Las naves quemadas
HAVANA TIMES, 3 mar. — Emigrar es, en general, un proceso doloroso pero en el caso de los cubanos significa además emprender un viaje sin retorno. Como si hubieran cometido un delito muy grave, el Estado los despoja de todas sus pertenencias.
No importa que se trate de bienes legalmente adquiridos, todo será decomisado, desde la vivienda y el automóvil hasta los muebles. Si se niegan a entregarlo no reciben el “Permiso de Salida” que otorga la todopoderosa Dirección de Migración.
Así que no queda más remedio que “entrar por el aro” y entregarles todo lo que la familia logró reunir en una vida de trabajo. Los inspectores llegan como aves de rapiña en busca de lo que puedan llevarse, una parte para el Estado y la otra para su propio beneficio.
Nadie se escapa, ni siquiera los niños. A la abuela de una adolescente de 13 años, que viajaba a reunirse con su madre, le exigieron la propiedad de todos los electrodomésticos, buscando alguno a nombre de la jovencita para decomisarlo.
Una buena amiga -muy revolucionaria ella- que emigró por reunificación familiar, me contó indignada como le arrebataron todo. Tuvo que entregar el automóvil que habían comprado con mil sacrificios, el televisor, el refrigerador y hasta su propia casa.
Cuando terminó la inspección sellaron el apartamento y la dejaron en la calle junto a su hija hasta que salió el avión…3 días después. La corrupción es tal y tan mísera que, delante de ellas, una inspectora desarmó la cerradura de la puerta y la escondió en el bolso.
Hablé sobre el tema con un intelectual al que obligaron a pagar su casa cuando sus padres se fueron a residir en Miami. Se escudaron en una extraña “ley” que no tuvo en cuenta que la vivienda ya había sido pagada y que él siempre había vivido allí.
Lo explicaré despacio para los no-cubanos. Cuando alguien emigra y figura como propietario de la vivienda familiar, los que permanecen tienen que volver a comprarla, aunque ésta ya haya sido pagada antes. Una política bien pensada para castigar…a los que se quedan.
Este intelectual no quería ceder pero le explicaron, amablemente, que si no lo hacía nunca pondrían la propiedad a su nombre, por lo que corría el riesgo de que algún funcionario venal intentase sacarlo de la vivienda para traficar con ella en el mercado negro.
Claro que la población cubana es astuta y ha aprendido a lidiar con este “Estado Paternalista” que monta en cólera cada vez que uno de sus hijos abandona el hogar.
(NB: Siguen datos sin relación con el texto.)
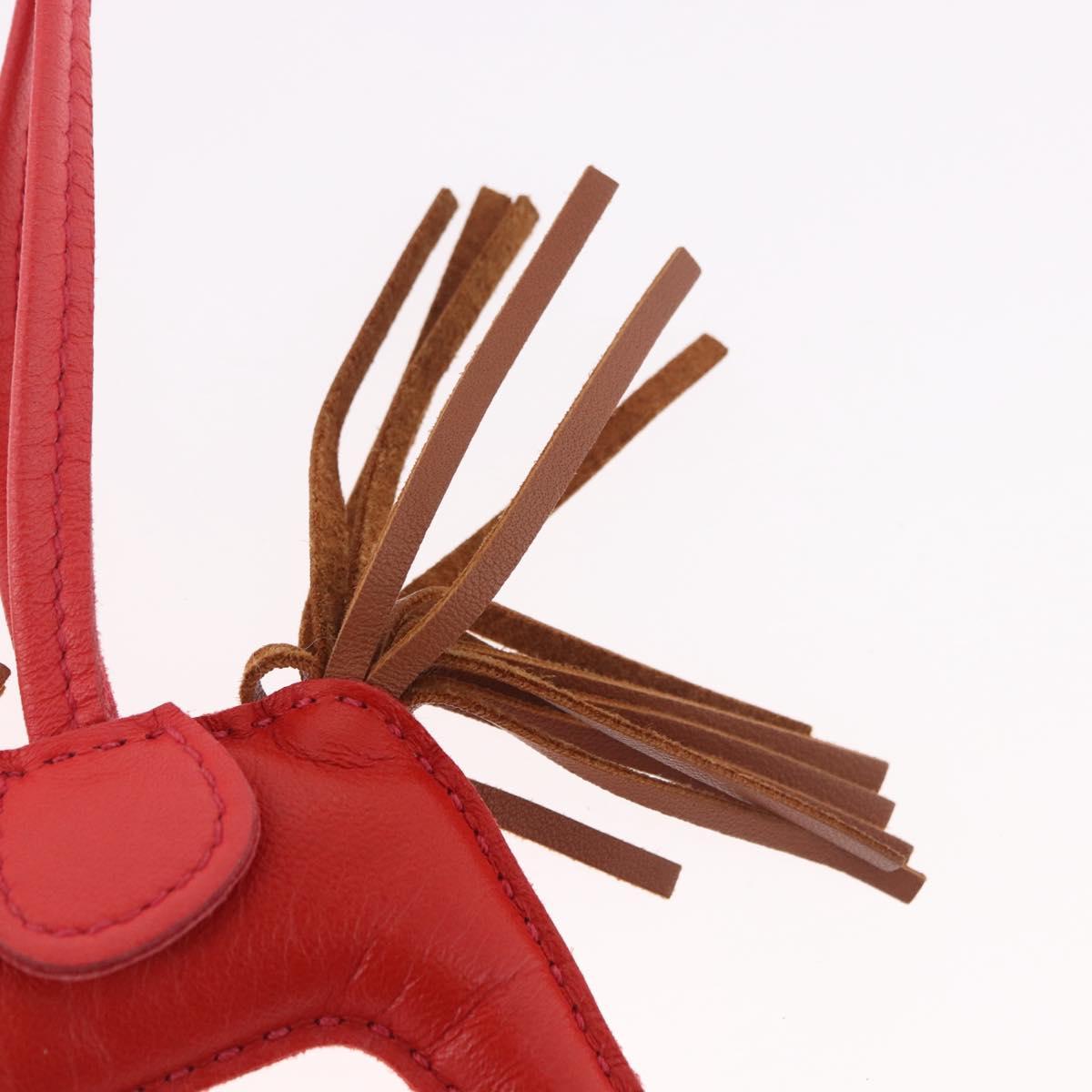 HERMES Rodeo PM Charm Leather Red Auth 184238M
Los inspectores apenas recogen los restos, lo que no puede ser regalado o vendido.
Meses e incluso años antes, los que se van incluyen nominalmente en la casa a un nuevo “habitante,” para lo cual se inventan bodas falsas e inexistentes parentescos. Esta persona tendrá que volver a pagar la vivienda pero, en general, no se la podrán quitar.
Los automóviles pierden todas las piezas “vendibles” antes de ser entregados, el televisor japonés es cambiado por uno ruso en blanco y negro, el refrigerador coreano por uno chino, el aire acondicionado desaparece y el hueco se sella sin dejar marcas. Hasta los colchones se esfuman.
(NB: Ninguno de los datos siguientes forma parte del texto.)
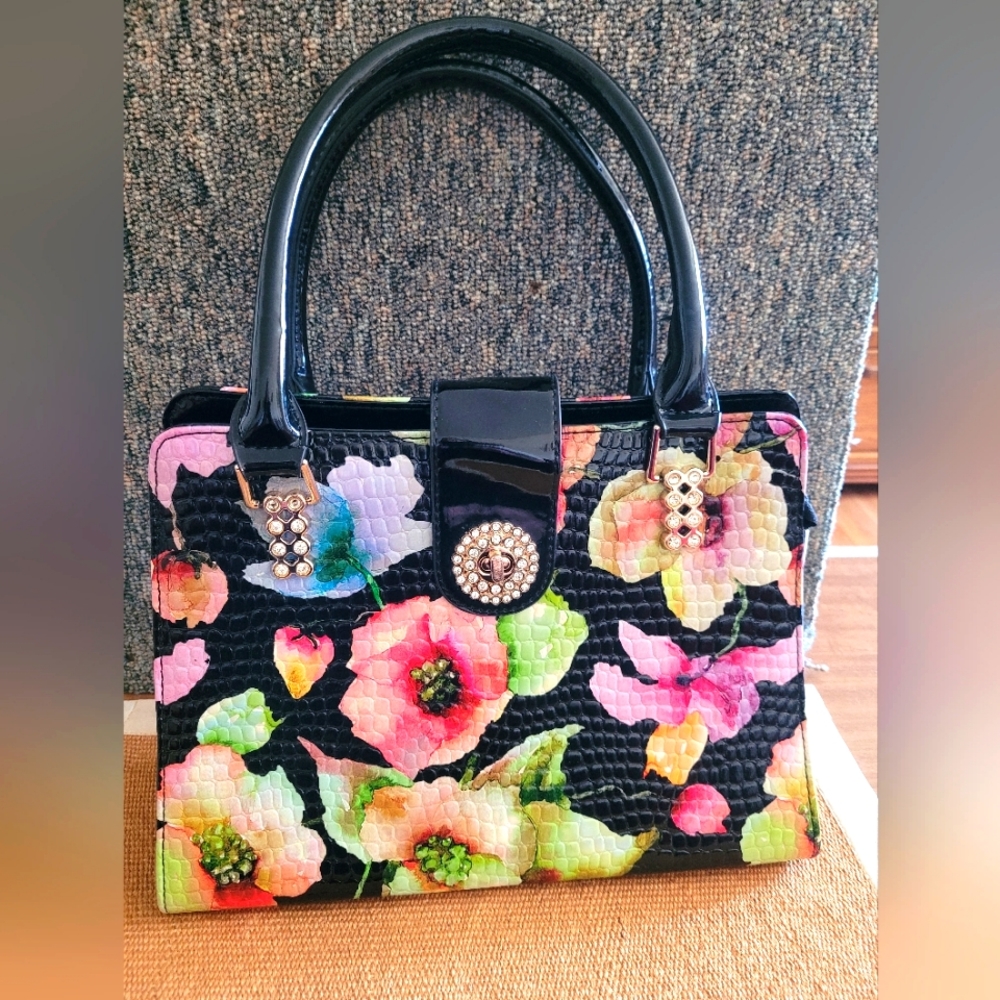 Glossy Black and Floral Hand Bag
Claro que esto se nota pero nadie puede probarlo y basta con permitir que los inspectores se roben los despojos (una cerradura o un par de bisagras), para que firmen el OK y la familia pueda irse del país. Pero todo esto es apenas un pequeño desquite de la gente.
De todas formas es una hora amarga. Cuando sellan la entrada del hogar, es como si les “quemaran las naves” para impedir el retorno. Ya nada material les queda en su tierra, ni siquiera la posibilidad del regreso porque nunca más les permitirán residir en el país.
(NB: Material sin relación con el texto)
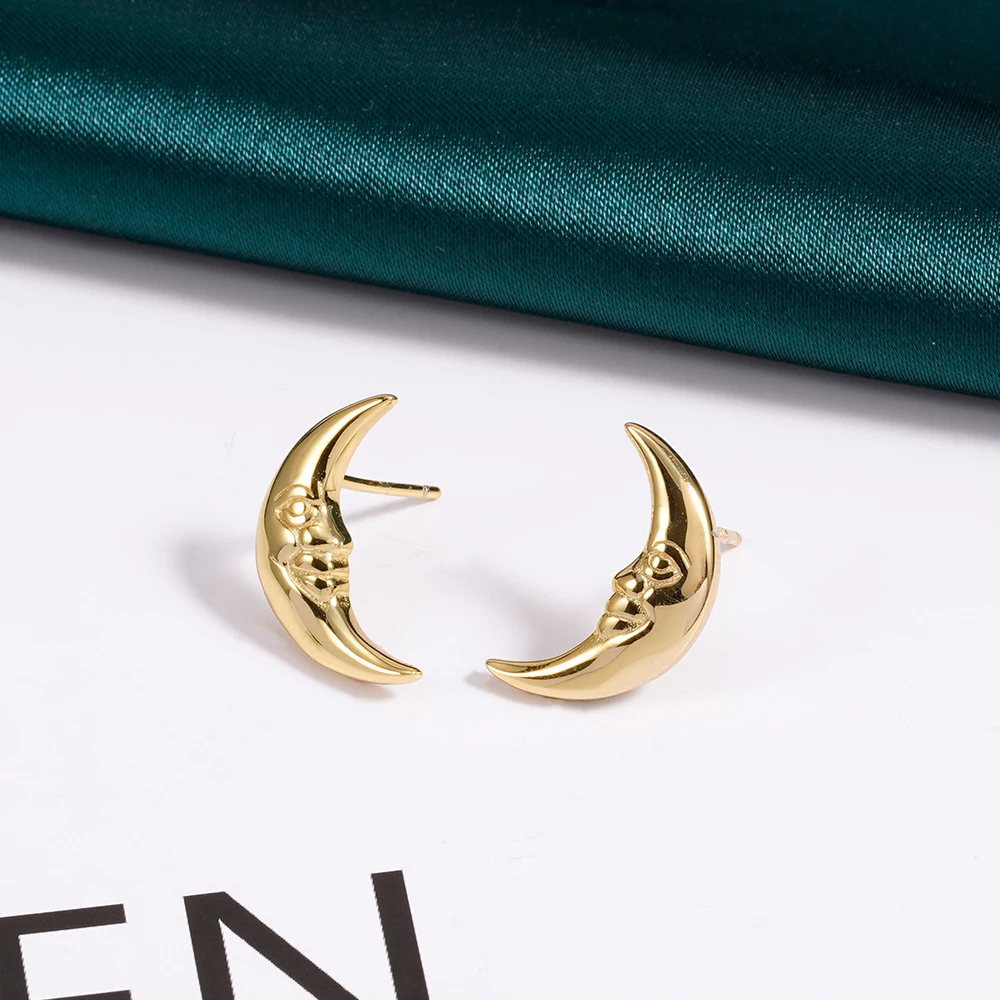 

Newest Design Jewelry 925 Sterling Silver 18k Gold Plated Exaggerated Design Smiley Face Portrait Moon Stud Earrings For Women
En realidad decir “nunca más” es inexacto. Esta “ley” contempla una sola y macabra excepción: respeta la propiedad sobre los panteones del cementerio. La razón es sencilla, después de muertos los emigrados recuperan su derecho a volver, para ser enterrados en el suelo de su patria.
*Publicado por HT con autorizacion de BBC Mundo.